= Beginning of Section =
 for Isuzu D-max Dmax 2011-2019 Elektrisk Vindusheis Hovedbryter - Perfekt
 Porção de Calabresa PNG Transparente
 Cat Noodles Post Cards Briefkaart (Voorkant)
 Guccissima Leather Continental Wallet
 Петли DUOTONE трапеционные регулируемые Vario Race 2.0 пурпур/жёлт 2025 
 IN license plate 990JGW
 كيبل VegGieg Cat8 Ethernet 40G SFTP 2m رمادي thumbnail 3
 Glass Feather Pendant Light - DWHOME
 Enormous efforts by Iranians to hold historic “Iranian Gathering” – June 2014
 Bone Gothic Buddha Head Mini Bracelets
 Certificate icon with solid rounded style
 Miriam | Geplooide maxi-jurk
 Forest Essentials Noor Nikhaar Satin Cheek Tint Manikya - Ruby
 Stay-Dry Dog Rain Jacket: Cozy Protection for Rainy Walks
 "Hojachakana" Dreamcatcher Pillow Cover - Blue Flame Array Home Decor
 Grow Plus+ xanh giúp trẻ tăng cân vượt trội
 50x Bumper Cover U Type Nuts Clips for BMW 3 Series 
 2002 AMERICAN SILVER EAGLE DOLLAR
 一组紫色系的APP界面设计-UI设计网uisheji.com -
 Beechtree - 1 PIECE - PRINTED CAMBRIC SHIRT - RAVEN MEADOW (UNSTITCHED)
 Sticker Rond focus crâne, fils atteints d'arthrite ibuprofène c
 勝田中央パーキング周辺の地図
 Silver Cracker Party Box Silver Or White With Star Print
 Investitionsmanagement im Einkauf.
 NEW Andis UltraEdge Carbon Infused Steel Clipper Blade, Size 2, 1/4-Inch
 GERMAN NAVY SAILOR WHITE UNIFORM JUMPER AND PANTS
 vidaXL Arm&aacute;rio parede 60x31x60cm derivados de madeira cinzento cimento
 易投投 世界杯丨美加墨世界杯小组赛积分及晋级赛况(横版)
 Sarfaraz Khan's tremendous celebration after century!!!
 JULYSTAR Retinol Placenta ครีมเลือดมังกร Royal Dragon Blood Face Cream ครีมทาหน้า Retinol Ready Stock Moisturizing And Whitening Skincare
= End of Section =
EXERCISE REQUIREMENTS — Would you retype the lines above from the one with "50x Bumper Cover" down to the one with "勝田中央パーキング周辺の地図", word for word, both ends included and no other lines?

EXERCISE RESPONSE —
 50x Bumper Cover U Type Nuts Clips for BMW 3 Series 
 2002 AMERICAN SILVER EAGLE DOLLAR
 一组紫色系的APP界面设计-UI设计网uisheji.com -
 Beechtree - 1 PIECE - PRINTED CAMBRIC SHIRT - RAVEN MEADOW (UNSTITCHED)
 Sticker Rond focus crâne, fils atteints d'arthrite ibuprofène c
 勝田中央パーキング周辺の地図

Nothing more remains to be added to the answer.